Using feedback loops would probably help. A system with built in feedback so that it feels that it is feeling something would be symmetrical, maybe even fractal. Self-reinforcement of a feeling process would also create a little vortex of activity. A simple detection system (with detection of detection) would not exhibit such strong activity peaks due to necessary lack of symmetry in detection of initial and processed stimuli. So all we need do is to introduce feedback loops in each architecture and look for the emergence of activity peaks. Possibly, some non-feeling architectures might also show activity peaks so not all peaks would necessarily show successes, but all successes would show peaks.

So, the evolutionary system would take basic detection circuits as input, modify them, add random components, then connect them in simple symmetrical feedback loops. Most results would do nothing. Some would show self-reinforcement, evidenced by activity peaks. Those are the ones we need.

The output from such an evolutionary design system would be circuits that feel (and some junk). We have our basic components. Now we can start to make a conscious computer.

Let’s go back to the gel computing idea and plug them in. We have some basic detectors, for light, sound, touch etc. Pretty simple stuff, but we connect those to our new feeling circuits, so now those inputs stop being just information and become sensations. We add in some storage, recording the inputs, again with some feeling circuits added into the mix, and just for fun, let’s make those recording circuits replay those inputs over and over, indefinitely. Those sensations will be felt again and again, the memory relived. Our primitive little computer can already remember and experience things it has experienced before. Now add in some processing. When a and b happen, c results. Nothing complicated. Just the sort of primitive summation of inputs we know neurons can do all the time.

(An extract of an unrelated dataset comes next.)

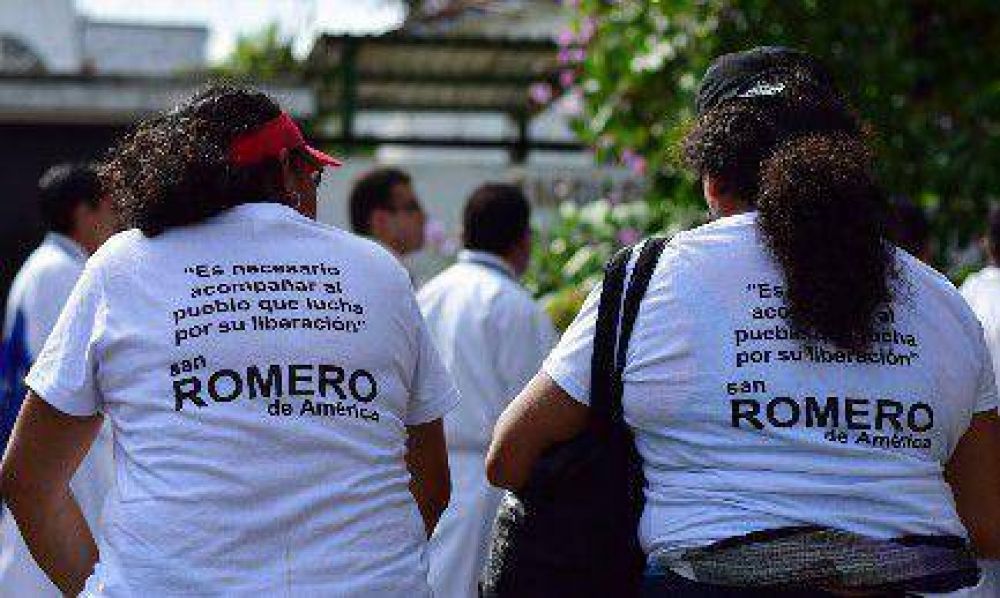 Tres milagros para Romero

But now, when that processing happens, our computer brain feels it. It feels that it is doing some thinking. It feels the stimuli occurring, a result occurring. And as it records and replays it, an experience builds. It now has knowledge. It may not be the answer to life the universe and everything just yet, but knowledge it is. It now knows and remembers the experience that when it links these two inputs, it gets that output. These processes and recordings and replays and further processing and storage and replays echo throughout the whole system. The sensory echoes and neural interference patterns result in some areas of reinforcement and some of cancellation. Concepts form. The whole process is sensed by the brain. It is thinking, processing, reliving memories, linking inputs and results into concepts and knowledge, storing concepts, and most importantly, it is feeling itself doing so.

The rest is just design detail. There’s your conscious computer.